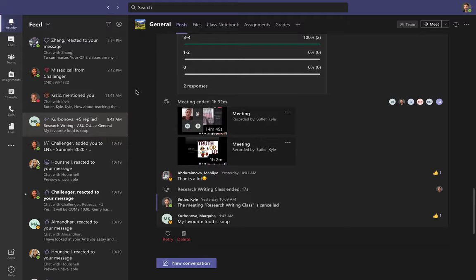I'm going to take you on a tour of Teams so that you know how to access my class, all the materials and resources, and also how to attend my class meetings on Teams. First, I want to say that I have an Apple computer, so if you have an Apple computer your Teams app will probably look similar to mine. However, if you have a Windows computer or another type, your app may look a little bit different.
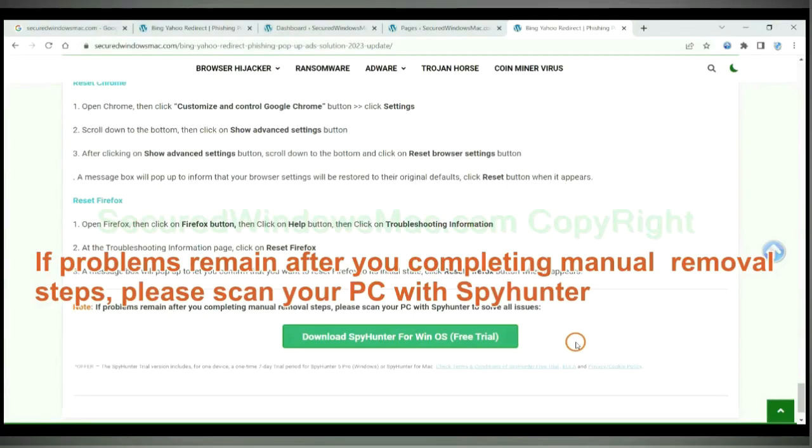If problems remain after completing manual removal steps, please scan your PC with SpyHunter.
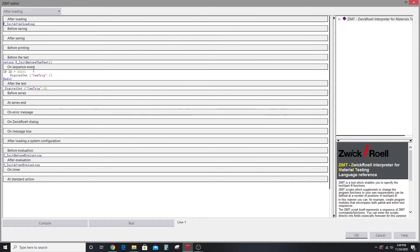For example, this particular script looks for a sequence event and triggers a high-speed camera as soon as the crosshead starts moving in a uniaxial tension test.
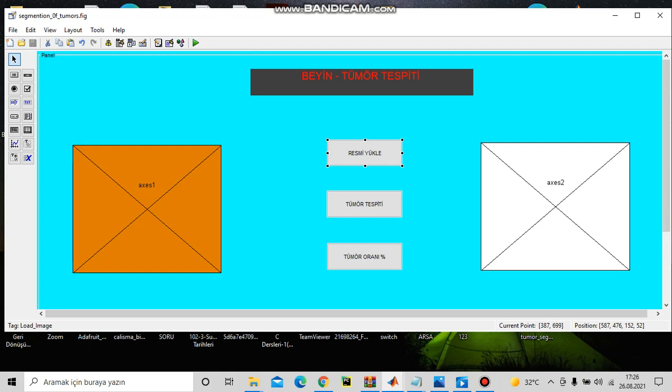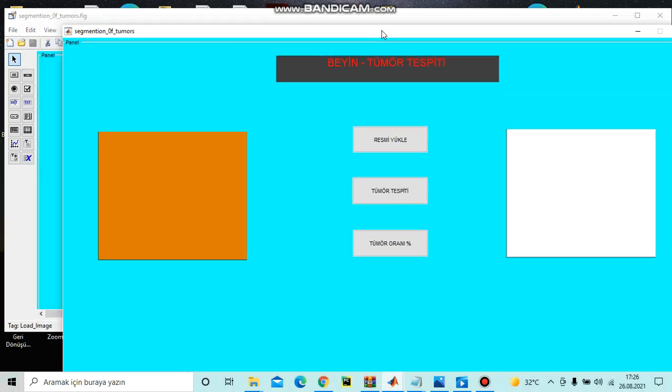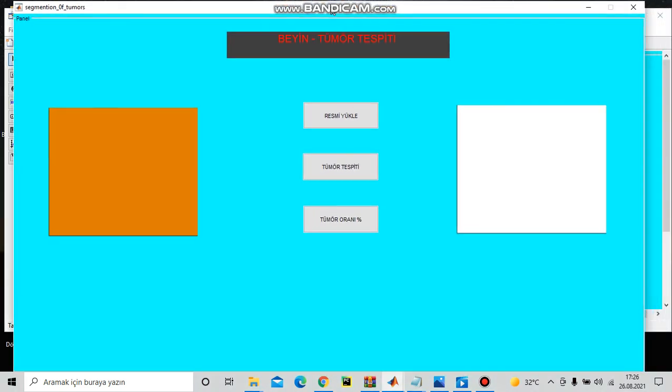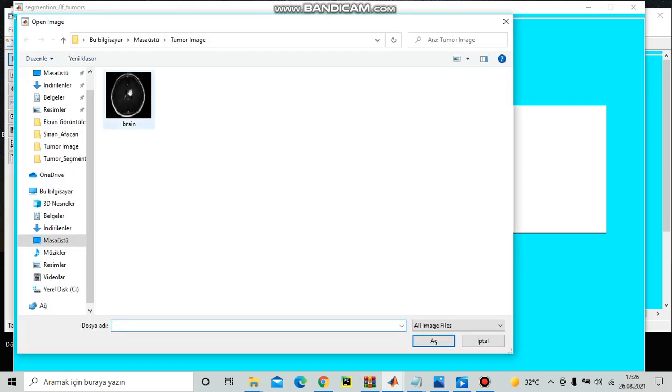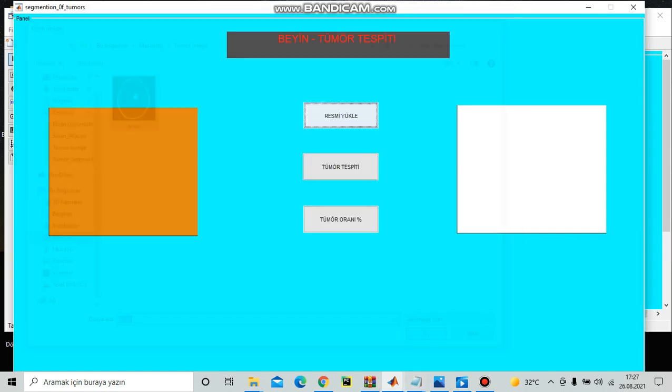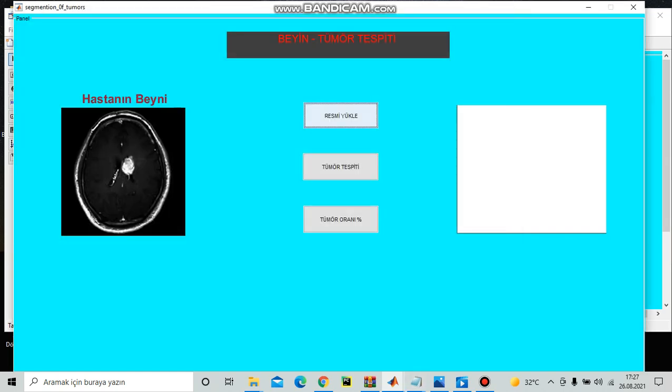Okay, I will run. As you see here our interface, load image. I'm going to load this one, this MR brain image, just open it. This is the brain. Also I will detect this area.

##########

# Instructions for the task
The data needs to be reproduced exactly, please, apart from its pictures.

# Task result
I'm going to take you on a tour of Teams so that you know how to access my class, all the materials and resources, and also how to attend my class meetings on Teams. First, I want to say that I have an Apple computer, so if you have an Apple computer your Teams app will probably look similar to mine. However, if you have a Windows computer or another type, your app may look a little bit different.
If problems remain after completing manual removal steps, please scan your PC with SpyHunter.
For example, this particular script looks for a sequence event and triggers a high-speed camera as soon as the crosshead starts moving in a uniaxial tension test.
Okay, I will run. As you see here our interface, load image. I'm going to load this one, this MR brain image, just open it. This is the brain. Also I will detect this area.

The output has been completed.